◆ **EXERCISE PROMPT**:
Throughout the records below, find each line holding "Store" and copy it.

+ + + + +

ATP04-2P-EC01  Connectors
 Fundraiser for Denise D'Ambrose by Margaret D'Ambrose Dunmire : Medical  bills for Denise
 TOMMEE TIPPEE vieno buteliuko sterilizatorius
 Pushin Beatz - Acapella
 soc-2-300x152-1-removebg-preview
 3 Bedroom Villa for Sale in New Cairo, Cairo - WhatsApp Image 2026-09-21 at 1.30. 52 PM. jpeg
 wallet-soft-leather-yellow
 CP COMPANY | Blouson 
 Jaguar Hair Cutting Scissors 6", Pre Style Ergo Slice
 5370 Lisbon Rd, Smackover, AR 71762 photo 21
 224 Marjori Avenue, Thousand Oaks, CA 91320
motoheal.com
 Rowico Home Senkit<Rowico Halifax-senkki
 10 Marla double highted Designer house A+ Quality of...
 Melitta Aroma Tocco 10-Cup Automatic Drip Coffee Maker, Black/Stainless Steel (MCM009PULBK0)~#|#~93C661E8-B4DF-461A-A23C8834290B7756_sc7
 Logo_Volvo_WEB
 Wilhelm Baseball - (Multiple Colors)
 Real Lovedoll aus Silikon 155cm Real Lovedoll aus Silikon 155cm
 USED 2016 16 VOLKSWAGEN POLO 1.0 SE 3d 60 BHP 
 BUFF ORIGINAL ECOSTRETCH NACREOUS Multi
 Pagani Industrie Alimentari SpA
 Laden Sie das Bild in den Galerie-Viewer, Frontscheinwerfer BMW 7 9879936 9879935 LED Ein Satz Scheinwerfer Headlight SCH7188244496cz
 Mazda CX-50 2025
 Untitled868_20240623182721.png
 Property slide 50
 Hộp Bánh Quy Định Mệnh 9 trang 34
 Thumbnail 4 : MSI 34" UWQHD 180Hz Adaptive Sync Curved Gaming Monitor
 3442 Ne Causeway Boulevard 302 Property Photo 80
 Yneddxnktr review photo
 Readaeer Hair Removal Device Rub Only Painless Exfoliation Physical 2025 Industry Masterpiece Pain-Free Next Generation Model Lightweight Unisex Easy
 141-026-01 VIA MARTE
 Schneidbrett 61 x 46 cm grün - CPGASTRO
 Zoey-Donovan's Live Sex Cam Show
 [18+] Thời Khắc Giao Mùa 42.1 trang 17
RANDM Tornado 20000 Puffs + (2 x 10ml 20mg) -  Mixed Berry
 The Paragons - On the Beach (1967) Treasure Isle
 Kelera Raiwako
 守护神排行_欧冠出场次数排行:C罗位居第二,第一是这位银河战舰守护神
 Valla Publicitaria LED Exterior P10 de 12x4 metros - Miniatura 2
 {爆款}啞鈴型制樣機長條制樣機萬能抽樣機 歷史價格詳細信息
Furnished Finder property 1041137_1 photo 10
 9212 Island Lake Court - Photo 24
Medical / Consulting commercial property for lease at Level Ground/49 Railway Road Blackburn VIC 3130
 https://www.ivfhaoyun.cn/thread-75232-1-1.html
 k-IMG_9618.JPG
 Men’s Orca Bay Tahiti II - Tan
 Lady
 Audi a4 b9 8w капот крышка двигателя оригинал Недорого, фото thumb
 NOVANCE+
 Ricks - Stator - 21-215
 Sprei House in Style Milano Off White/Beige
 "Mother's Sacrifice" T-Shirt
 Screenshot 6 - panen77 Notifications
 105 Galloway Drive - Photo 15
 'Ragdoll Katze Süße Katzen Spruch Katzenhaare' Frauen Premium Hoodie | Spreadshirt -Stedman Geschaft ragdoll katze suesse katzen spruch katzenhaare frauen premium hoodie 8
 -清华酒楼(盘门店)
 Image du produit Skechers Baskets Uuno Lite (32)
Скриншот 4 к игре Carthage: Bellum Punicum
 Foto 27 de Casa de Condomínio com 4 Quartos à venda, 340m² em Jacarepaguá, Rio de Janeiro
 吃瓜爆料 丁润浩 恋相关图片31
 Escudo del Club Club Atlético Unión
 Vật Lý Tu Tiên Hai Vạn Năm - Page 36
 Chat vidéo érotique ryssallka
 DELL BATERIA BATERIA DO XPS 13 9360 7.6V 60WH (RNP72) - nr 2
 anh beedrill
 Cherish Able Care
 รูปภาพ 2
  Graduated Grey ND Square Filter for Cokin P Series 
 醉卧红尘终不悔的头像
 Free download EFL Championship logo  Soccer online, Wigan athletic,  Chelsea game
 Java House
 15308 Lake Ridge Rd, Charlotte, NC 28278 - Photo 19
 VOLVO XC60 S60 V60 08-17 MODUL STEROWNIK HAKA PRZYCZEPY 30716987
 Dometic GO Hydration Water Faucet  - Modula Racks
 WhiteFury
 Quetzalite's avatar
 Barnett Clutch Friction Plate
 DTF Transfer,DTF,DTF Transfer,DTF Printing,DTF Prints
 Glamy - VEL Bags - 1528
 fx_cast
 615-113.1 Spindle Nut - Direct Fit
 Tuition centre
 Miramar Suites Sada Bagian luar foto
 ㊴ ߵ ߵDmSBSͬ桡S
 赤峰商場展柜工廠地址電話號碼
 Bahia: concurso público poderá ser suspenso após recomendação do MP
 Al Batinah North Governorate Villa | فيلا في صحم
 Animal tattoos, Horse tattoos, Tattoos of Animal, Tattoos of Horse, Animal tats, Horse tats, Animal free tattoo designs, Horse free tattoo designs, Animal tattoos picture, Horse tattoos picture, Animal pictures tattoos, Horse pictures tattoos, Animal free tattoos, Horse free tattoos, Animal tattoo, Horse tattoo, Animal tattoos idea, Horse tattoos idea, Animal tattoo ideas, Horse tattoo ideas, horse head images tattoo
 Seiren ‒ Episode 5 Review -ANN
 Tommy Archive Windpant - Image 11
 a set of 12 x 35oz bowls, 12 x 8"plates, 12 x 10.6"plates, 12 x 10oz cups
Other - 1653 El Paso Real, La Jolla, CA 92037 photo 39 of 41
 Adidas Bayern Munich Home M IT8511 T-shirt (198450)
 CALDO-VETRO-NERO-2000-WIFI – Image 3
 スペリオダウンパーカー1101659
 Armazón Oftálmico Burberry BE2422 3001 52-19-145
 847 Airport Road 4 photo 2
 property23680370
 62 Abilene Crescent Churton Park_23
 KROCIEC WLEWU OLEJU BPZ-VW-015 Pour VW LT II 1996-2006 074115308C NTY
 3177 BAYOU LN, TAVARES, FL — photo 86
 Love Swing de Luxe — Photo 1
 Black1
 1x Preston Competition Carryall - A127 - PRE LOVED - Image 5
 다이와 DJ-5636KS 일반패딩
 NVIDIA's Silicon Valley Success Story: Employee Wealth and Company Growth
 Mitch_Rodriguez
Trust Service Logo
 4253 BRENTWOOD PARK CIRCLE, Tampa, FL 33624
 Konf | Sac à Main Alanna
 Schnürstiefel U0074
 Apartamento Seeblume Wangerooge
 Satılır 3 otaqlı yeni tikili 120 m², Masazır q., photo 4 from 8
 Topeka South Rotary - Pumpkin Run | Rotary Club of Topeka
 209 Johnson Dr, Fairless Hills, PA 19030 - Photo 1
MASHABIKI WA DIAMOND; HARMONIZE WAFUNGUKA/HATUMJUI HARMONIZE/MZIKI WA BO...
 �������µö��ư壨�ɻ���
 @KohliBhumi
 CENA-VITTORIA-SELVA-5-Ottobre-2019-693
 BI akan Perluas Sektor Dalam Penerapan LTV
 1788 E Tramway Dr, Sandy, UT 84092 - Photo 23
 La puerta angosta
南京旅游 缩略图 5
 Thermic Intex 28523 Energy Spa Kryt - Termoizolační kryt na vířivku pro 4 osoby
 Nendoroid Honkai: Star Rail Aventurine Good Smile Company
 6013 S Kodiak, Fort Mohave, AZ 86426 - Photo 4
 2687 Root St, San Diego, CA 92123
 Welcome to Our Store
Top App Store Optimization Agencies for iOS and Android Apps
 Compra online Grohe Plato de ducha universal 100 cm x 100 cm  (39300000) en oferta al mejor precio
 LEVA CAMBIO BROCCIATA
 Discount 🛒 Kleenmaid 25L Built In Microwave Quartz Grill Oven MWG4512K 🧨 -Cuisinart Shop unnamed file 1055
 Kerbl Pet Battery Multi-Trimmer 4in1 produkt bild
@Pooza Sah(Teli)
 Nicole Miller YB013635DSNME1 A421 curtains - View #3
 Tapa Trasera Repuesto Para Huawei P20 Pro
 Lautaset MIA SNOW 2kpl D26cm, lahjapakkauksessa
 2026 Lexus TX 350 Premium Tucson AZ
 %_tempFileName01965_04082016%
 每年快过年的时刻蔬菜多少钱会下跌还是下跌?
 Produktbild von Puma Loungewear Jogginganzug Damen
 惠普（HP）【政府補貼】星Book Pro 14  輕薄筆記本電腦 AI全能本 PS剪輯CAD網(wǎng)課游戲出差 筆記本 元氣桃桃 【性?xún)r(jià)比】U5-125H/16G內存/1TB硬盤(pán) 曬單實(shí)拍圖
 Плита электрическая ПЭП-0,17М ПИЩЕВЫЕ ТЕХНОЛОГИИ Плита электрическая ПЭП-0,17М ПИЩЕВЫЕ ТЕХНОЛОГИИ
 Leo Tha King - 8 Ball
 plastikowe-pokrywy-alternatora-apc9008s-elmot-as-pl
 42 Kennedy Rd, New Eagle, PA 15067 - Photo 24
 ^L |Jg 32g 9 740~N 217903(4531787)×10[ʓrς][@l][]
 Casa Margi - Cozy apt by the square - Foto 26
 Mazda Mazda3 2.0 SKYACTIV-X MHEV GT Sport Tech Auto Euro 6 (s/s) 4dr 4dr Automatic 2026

+ + + + +

◆ **SOLUTION FOR THIS EXERCISE**:
 Welcome to Our Store
Top App Store Optimization Agencies for iOS and Android Apps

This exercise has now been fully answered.